I've heard this phrase a couple times, one of them being

A number is a number is a number.

Despite some searching, I'm still unsure what this phrase means.

  • 1
    Probably the best known example of this is "a rose is a rose is..." from a Gertrude Stein poem. You'll find plenty of analysis if you google that instead of "a number is..."
    – Jim Mack
    Apr 22 at 23:28

2 Answers 2


The construction may be understood as an emphasis, a defining emphasis, an emphasis that stops further discussion of "blank".

"A number is a number" is a truism that could be interpreted to mean that a number is a number (agreed as an obvious superfluous statement, but there may be possible nuances and differences that depend on circumstance or interpretation).

For example "A number is a number" is unquestionably true, but most mathematicians immediately think "Yes, but what sort of number? real, integer, rational, irrational, imaginary ... and so forth).
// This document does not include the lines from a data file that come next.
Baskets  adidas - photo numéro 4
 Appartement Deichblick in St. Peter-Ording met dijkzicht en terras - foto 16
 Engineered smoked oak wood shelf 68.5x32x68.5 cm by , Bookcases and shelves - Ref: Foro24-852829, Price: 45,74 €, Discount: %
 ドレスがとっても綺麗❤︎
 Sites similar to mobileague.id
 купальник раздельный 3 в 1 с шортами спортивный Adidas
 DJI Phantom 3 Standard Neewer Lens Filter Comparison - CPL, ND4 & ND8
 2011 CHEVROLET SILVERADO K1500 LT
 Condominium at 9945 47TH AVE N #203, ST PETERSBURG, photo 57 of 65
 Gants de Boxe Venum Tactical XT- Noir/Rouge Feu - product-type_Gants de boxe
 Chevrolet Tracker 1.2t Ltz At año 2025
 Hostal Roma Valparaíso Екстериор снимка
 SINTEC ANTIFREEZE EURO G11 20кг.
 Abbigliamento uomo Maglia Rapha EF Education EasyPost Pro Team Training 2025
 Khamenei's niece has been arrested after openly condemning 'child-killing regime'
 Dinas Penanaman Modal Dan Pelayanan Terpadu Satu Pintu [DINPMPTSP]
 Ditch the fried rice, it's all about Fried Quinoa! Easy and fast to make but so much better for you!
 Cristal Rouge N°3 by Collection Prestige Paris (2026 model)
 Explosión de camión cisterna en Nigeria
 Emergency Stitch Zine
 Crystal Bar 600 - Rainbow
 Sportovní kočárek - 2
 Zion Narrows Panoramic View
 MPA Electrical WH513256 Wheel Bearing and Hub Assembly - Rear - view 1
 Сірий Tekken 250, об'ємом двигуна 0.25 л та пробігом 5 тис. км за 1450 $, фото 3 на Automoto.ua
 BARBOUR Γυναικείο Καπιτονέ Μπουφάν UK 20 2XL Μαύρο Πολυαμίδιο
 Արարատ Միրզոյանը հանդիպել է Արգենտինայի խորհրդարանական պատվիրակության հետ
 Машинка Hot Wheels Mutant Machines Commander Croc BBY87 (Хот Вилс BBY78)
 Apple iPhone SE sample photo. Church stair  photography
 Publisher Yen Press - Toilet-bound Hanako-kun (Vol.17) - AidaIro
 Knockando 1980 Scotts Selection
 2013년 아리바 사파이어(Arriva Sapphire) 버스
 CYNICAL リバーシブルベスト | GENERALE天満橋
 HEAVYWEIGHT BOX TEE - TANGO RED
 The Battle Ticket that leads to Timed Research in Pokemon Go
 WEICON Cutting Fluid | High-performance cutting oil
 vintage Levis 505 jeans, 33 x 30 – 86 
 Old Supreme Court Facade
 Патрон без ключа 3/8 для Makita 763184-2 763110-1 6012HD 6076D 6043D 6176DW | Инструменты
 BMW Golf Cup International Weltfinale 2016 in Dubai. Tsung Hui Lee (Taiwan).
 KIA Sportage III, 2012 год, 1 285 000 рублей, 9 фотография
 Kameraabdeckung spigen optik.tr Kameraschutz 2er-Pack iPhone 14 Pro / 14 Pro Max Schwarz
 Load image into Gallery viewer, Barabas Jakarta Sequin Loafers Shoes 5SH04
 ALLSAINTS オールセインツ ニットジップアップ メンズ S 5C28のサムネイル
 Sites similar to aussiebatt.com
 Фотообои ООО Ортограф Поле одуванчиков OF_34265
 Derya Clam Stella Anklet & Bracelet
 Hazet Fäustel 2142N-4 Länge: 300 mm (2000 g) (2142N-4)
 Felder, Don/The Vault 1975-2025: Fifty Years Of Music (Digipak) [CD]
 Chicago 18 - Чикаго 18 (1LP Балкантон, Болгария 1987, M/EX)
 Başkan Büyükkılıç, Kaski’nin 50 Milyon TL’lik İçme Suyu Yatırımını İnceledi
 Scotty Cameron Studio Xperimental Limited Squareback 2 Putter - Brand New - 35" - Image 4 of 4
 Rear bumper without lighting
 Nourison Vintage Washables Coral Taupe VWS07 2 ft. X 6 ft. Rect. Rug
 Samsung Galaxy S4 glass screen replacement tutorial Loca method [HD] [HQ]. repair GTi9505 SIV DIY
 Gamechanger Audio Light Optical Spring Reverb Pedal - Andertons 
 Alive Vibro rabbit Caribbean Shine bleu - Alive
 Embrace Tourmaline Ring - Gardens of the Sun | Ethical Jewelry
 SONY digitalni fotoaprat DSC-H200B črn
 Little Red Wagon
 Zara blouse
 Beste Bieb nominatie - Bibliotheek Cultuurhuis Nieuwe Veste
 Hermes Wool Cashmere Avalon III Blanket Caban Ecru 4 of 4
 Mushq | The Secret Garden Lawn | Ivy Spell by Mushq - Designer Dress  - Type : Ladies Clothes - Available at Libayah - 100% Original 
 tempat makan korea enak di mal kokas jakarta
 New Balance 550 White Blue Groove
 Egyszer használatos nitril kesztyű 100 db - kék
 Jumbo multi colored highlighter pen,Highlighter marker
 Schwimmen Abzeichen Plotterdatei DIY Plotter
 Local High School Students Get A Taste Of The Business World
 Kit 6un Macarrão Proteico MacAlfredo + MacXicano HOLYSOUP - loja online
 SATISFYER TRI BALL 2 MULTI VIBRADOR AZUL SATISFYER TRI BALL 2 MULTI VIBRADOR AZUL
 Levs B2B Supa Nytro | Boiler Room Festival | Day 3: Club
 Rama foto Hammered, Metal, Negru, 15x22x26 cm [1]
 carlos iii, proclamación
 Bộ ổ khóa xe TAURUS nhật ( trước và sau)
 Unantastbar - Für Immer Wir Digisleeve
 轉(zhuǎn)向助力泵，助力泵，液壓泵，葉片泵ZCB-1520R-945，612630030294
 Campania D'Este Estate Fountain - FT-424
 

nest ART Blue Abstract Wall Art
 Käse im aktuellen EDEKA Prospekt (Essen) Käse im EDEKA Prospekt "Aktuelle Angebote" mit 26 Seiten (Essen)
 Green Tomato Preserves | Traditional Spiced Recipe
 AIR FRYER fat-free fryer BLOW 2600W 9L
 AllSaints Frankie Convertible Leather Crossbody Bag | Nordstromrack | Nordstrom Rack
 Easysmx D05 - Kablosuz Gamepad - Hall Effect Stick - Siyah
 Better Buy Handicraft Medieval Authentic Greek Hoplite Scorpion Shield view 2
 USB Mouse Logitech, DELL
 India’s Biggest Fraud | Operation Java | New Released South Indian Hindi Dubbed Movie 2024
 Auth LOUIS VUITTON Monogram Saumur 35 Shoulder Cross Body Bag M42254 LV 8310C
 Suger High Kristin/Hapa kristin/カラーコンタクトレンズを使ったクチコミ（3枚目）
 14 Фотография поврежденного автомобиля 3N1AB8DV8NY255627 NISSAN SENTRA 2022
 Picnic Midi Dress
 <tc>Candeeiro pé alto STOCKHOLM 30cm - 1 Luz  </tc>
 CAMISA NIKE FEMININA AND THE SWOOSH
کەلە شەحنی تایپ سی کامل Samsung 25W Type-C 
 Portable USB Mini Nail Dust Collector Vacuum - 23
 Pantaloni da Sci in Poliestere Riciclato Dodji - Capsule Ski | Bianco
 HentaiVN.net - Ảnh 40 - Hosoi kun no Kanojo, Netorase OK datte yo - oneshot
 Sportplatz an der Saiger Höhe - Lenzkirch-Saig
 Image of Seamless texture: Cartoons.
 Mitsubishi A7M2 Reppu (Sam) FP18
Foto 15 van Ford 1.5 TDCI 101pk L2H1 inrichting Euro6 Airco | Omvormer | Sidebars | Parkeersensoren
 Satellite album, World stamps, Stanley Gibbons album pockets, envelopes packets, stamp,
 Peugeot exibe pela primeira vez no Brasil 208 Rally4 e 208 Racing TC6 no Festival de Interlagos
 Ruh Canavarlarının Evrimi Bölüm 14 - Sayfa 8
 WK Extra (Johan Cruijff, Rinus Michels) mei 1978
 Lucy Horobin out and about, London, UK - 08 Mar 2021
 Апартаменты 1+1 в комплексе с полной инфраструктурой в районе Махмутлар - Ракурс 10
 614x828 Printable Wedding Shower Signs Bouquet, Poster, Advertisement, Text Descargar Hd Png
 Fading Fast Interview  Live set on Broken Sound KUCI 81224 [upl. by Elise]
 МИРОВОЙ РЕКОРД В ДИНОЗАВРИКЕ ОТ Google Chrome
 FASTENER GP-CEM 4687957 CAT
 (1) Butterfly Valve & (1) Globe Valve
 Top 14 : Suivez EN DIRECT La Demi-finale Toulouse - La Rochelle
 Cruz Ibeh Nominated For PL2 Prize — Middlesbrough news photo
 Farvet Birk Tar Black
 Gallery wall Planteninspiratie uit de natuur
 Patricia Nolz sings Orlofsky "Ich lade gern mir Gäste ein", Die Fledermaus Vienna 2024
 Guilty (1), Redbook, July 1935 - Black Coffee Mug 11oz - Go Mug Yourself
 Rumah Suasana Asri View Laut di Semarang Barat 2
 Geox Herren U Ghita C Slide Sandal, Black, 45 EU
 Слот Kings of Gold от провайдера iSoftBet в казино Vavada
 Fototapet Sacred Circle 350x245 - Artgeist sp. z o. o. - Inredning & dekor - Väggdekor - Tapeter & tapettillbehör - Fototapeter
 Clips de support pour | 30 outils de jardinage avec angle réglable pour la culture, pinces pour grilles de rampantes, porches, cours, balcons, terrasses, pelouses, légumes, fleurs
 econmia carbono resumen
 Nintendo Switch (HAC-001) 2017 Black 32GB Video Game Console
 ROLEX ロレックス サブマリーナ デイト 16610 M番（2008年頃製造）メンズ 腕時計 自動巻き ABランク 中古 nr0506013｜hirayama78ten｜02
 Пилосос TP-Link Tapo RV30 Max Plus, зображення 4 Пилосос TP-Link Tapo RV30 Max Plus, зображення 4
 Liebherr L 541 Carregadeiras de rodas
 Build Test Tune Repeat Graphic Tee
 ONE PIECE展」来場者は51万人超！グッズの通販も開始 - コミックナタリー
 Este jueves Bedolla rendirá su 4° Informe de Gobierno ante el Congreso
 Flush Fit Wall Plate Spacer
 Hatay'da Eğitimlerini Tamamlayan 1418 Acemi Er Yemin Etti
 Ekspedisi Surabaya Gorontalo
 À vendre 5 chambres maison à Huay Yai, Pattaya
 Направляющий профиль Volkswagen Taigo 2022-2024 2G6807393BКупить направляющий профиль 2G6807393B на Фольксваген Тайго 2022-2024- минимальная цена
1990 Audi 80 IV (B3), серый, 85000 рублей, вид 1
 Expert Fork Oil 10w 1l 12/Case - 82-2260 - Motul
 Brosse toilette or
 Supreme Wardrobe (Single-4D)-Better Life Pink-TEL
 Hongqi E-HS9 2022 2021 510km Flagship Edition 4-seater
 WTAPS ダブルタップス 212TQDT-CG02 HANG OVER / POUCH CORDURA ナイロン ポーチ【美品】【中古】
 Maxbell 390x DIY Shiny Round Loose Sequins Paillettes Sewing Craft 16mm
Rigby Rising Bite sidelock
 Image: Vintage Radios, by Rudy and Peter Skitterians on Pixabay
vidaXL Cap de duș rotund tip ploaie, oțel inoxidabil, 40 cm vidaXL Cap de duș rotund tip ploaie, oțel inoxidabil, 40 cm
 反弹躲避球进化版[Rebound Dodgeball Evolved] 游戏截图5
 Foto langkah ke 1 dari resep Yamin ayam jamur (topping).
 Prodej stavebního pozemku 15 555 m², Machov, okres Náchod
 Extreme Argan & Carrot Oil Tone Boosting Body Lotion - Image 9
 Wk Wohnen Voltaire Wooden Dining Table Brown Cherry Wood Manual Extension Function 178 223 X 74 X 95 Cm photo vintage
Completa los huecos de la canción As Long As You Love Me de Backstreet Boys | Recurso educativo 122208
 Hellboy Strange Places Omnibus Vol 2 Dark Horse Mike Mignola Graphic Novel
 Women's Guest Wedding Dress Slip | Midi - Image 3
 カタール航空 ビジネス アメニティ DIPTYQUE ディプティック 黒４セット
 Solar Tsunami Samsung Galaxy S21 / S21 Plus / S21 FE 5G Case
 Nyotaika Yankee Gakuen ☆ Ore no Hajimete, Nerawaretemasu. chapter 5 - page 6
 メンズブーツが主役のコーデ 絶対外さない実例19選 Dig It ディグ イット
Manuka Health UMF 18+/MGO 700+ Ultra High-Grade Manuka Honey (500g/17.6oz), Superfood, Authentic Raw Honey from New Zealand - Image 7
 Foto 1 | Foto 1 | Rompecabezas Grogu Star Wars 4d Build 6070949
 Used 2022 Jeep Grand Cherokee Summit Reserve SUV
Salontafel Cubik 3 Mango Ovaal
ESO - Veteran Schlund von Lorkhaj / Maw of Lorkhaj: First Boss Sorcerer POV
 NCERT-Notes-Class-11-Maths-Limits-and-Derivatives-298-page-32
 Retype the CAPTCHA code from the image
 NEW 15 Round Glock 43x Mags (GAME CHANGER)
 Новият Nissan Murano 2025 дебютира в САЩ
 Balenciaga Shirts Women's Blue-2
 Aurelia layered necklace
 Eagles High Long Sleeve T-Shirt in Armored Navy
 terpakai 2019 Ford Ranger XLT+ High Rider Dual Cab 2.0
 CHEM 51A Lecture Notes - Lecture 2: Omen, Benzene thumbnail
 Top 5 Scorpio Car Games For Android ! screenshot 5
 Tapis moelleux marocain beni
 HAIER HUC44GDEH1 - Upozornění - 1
To say "a number is a number is a number" is to say that there is no need or purpose in considering any of these questions. A number is a number, and that is the end of the matter; think no further; any more speculation or qualification, as to what sort of number or any other issues, is not required or wanted.

  • I hazard a guess that the downvoter is not a mathematician.
    – Anton
    Apr 23 at 7:39

"An X is an X is an X" -> (i) All [the] Xs are the same; (ii) in this example: "There is nothing special about the number that you are referring to, or any other number."